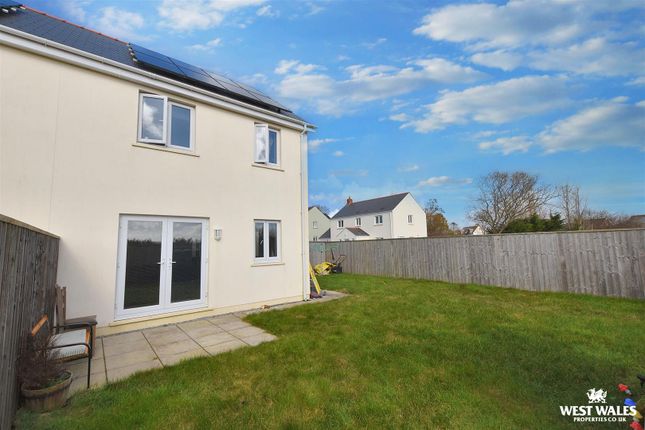 17, Leven Close, Haverfordwest photo 2
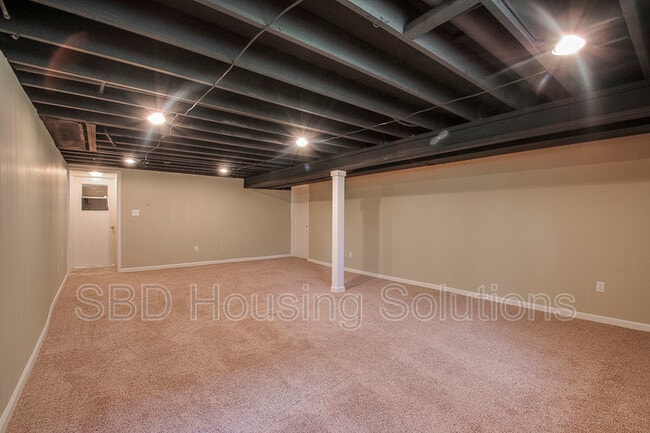 Building Photo - 9024 E 90 Terrace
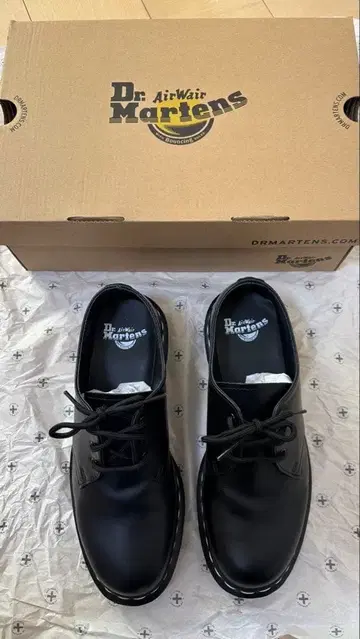 닥터 마틴 1461 화이트 스티치 3홀 UK7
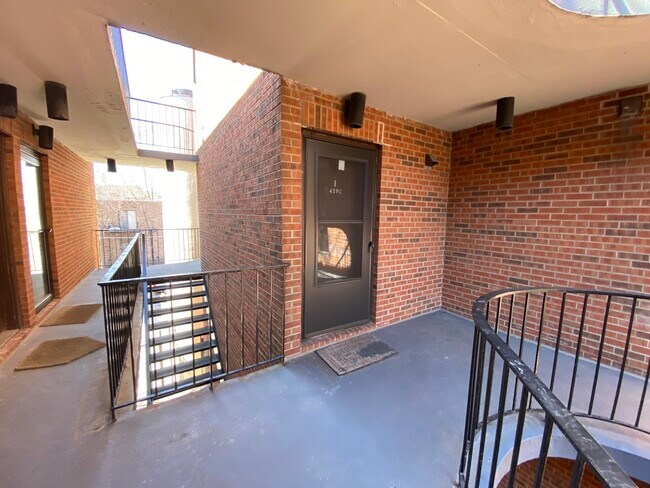 Foto del edificio - 429 W Grant Pl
•••••
▸ **Exercise goal**:
Would you print the material exactly once more, without any of its pictures?

▸ **Result**:
 17, Leven Close, Haverfordwest photo 2
 Building Photo - 9024 E 90 Terrace
 닥터 마틴 1461 화이트 스티치 3홀 UK7
 Foto del edificio - 429 W Grant Pl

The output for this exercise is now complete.